MATERIAL PROVIDED =
======
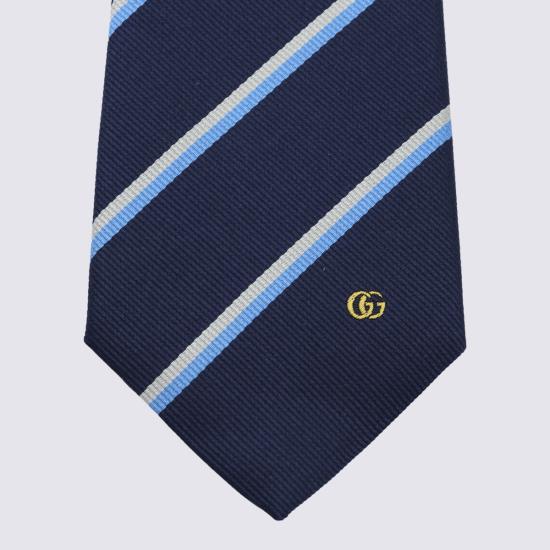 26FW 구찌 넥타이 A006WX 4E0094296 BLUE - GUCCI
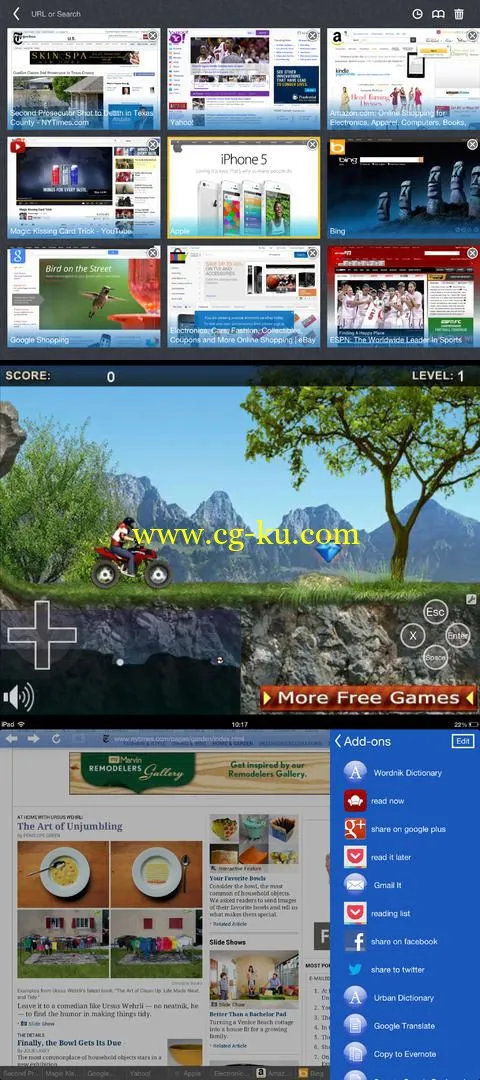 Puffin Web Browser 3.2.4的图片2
======
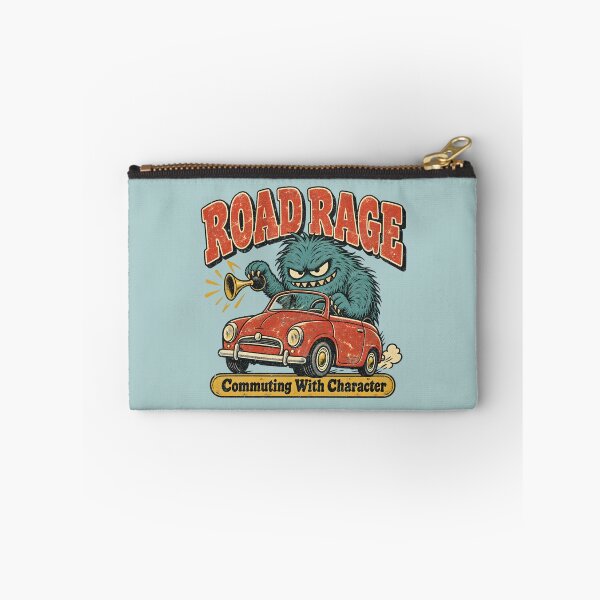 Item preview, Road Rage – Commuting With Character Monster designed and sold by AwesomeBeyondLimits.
======
TASK =
An exact copy is needed of the entries above, starting at the line that holds "26FW 구찌 넥타이 A006WX 4E0094296 BLUE - GUCCI" and stopping at the line that holds "Puffin Web Browser 3.2.4的图片2", both kept; pictures stay out.

EXERCISE RESULT =
 26FW 구찌 넥타이 A006WX 4E0094296 BLUE - GUCCI
 Puffin Web Browser 3.2.4的图片2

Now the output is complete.